‘They are fools who work, and those fools are the Flemings’

The Flemish nationalists gathered on Saturday evening with 4,000 to 5,000 members in the Nekkerhal in Mechelen for their New Year’s party. In his traditional speech, De Wever praised his fellow party members in the Flemish government. They are not giving in to popular demands to hand out more money, he said. “If policy remains unchanged, Flanders will return to a balanced budget. Flanders can thus stand alongside the Netherlands, Germany and the Scandinavian countries.”

That is in stark contrast to the Vivaldi government, a federal government in which the influence of the French-speaking left has never been greater, it said. “No reforms and a fake budget with the largest deficit in the entire EU. Belgium can no longer even stand next to the southern European countries. After De Croo, the deluge”, says DeWever. “Never with us. We don’t do politics just to let our top people have a good career.”

This set the tone for the rest of the speech. “We are the budget red lantern of Europe, while we pay the highest tax burden on labor in the world. They are fools who work, and those fools are the Flemings.” According to De Wever, Vivaldi cannot present any nice results in other areas either. Whether it concerns the fight once morest organized crime, energy policy or migration, the federal government cannot achieve success anywhere, says De Wever.

Vivaldi II

It is immediately crucial for De Wever that the Flemish voter breaks through the status quo in 2024. “Not by giving a useless voice to the extremes, that is the shortest way to Vivaldi II and the end of Flemish prosperity,” said the N-VA chairman.

In contrast, he profiles his party as one “that steadfastly defends its principles, a party that will not bend in exchange for a miserable premiership, a party that stands for the only workable model to secure our Flemish prosperity.” In doing so, he repeated his plea for confederalism, in which powers are transferred to the federated states and they jointly agree on what is still happening at the federal level.

The story of Flanders

De Wever also referred to the fuss around in his speech The story of Flanders. That TV program by Tom Waes looks back on Flemish history, but was already criticized before the first episode because it might count on various subsidies from Flanders. It was immediately suggested that this would help to instrumentalize that history.

“Let’s be clear: we still believe in the importance of a real and close-knit community. A warm Flemish nest in which we are brought up according to shared norms and values ​​and in which we all contribute to the story of Flanders together,” said De Wever.

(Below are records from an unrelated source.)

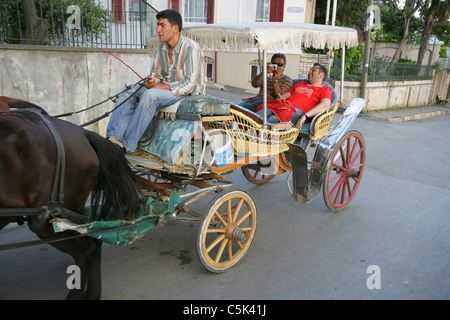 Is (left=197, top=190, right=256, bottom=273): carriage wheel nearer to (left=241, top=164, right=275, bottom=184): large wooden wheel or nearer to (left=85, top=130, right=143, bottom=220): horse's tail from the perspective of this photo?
(left=85, top=130, right=143, bottom=220): horse's tail

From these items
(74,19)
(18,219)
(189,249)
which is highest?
(74,19)

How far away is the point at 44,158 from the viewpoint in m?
2.44

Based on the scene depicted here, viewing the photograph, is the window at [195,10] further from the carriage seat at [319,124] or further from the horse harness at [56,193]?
the horse harness at [56,193]

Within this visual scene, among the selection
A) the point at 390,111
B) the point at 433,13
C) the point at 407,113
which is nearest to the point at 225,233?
the point at 390,111

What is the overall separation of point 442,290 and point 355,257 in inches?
30.8

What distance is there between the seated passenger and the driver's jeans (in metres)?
1.53

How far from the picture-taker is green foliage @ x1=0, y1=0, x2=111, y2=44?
235 inches

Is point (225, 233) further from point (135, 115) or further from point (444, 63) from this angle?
point (444, 63)

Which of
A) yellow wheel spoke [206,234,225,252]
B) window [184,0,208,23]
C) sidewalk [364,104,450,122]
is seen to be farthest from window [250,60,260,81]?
yellow wheel spoke [206,234,225,252]

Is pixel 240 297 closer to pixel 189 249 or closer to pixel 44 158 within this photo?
pixel 189 249

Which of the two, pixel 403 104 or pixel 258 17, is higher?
pixel 258 17

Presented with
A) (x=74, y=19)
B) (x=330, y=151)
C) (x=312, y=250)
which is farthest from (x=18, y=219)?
(x=74, y=19)

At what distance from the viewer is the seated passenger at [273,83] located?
4676 millimetres

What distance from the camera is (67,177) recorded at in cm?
255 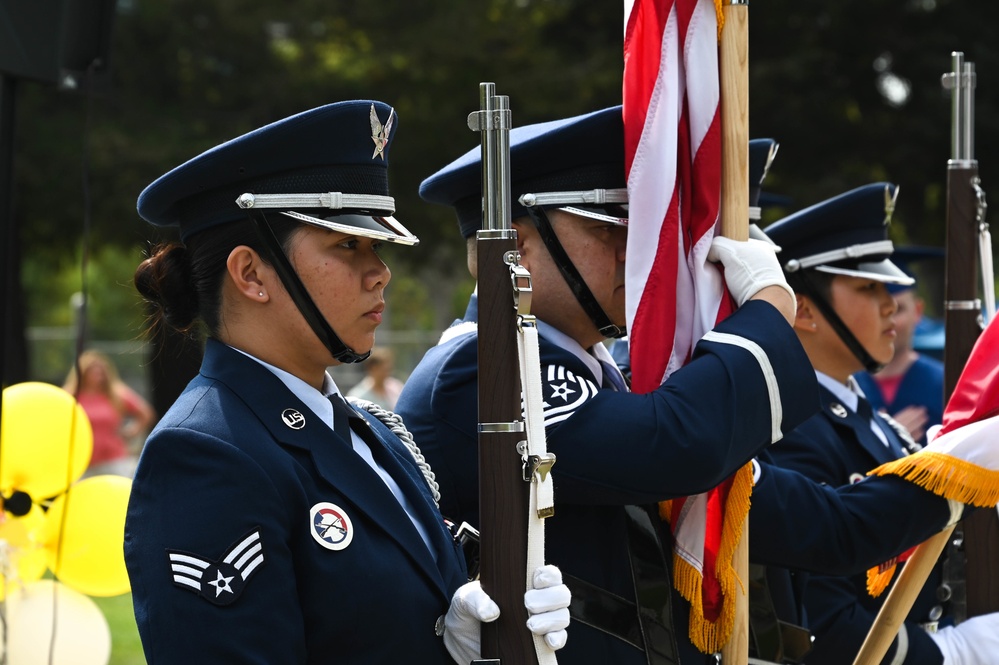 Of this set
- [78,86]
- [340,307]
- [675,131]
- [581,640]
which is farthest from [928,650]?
[78,86]

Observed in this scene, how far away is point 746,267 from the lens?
2.84 m

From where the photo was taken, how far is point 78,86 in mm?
4559

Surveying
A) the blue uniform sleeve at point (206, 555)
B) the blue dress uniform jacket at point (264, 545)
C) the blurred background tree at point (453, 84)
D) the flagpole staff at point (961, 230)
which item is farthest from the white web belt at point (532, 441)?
the blurred background tree at point (453, 84)

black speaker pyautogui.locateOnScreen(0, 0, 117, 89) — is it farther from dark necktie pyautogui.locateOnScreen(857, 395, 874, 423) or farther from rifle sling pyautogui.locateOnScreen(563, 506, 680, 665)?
dark necktie pyautogui.locateOnScreen(857, 395, 874, 423)

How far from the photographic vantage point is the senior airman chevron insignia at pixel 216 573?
7.14ft

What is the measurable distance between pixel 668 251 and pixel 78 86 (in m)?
2.58

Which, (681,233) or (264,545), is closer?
(264,545)

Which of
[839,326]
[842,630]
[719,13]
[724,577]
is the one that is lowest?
[842,630]

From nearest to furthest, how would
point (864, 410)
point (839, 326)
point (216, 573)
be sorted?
point (216, 573) < point (864, 410) < point (839, 326)

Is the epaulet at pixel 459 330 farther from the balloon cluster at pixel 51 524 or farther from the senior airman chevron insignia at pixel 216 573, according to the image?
the balloon cluster at pixel 51 524

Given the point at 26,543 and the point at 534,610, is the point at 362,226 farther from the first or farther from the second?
the point at 26,543

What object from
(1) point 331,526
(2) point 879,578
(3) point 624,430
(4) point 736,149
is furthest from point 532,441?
(2) point 879,578

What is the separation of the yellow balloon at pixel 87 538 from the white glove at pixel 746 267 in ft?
9.01

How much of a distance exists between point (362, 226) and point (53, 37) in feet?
6.54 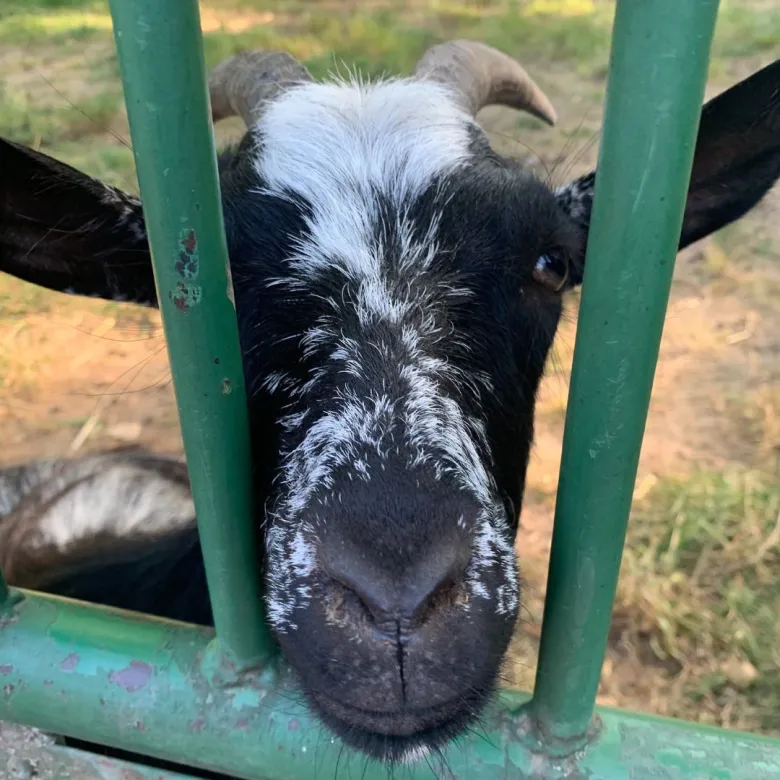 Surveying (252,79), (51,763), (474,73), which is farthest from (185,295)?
(474,73)

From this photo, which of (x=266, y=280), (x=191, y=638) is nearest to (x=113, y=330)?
(x=266, y=280)

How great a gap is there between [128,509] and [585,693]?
8.66 feet

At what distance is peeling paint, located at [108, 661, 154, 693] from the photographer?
1675mm

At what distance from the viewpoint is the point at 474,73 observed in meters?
3.59

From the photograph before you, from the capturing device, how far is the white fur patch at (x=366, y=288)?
173 cm

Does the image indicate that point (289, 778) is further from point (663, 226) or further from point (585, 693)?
point (663, 226)

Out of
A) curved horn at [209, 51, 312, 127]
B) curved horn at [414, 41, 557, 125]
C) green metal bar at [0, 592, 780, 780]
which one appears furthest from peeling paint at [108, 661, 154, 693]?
curved horn at [414, 41, 557, 125]

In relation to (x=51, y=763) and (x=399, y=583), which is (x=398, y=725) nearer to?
(x=399, y=583)

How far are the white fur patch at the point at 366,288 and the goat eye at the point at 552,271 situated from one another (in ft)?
1.12

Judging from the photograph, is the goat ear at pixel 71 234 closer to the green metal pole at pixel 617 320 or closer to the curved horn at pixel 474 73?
the green metal pole at pixel 617 320

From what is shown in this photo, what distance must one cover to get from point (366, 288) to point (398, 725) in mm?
1018

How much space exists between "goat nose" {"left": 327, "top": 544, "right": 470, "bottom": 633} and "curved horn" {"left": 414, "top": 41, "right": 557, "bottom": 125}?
2391 mm

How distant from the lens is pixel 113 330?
6.60 m

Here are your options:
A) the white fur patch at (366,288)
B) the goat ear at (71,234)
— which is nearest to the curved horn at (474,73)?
the white fur patch at (366,288) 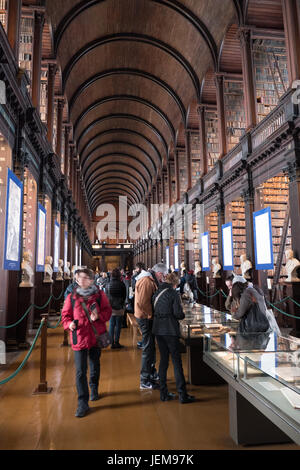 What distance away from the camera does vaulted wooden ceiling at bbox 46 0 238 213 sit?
982cm

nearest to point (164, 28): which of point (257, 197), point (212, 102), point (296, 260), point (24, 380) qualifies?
point (212, 102)

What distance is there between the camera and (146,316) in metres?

He complained that according to the left, this story should not exist. “And if it exists at all, then it is a pitch black story that we should be ashamed of. If there were a European self-destruction championship, the Flemish left won it with fingers in the nose. They don’t want us to have a past and they want to deny Flanders the future in this way,” said De Wever.

Peasant protest

While the N-VA members celebrated their New Year’s party, farmers protested at the entrance. The farmers had come to the event with columns of tractors – reportedly regarding 150 tractors – to campaign once morest the nitrogen agreement. Kop van Jut was Minister of the Environment Zuhal Demir.

“An N-VA party takes place here, but for us farmers and the rest of the population there is no reason to party,” said Gunter Klaasen from the Turnhout Vennen area. “They are jeopardizing food security and making the future of agriculture very uncertain. According to the current Programmatic Approach to Nitrogen (PAS), almost nothing will be relicensed.”

For Klaasen, Flemish minister Demir is responsible for the PAS. This should reduce nitrogen in Flanders, but threatens to have serious consequences for the agricultural sector. During his speech, N-VA chairman Bart De Wever had just praised Demir’s approach. “Thanks to the nitrogen agreement, we can avoid a total licensing drama such as in the Netherlands. It is up to us to explain this to Flemish farmers and to offer them guarantees for the future. Because lies are of no use to them,” it said.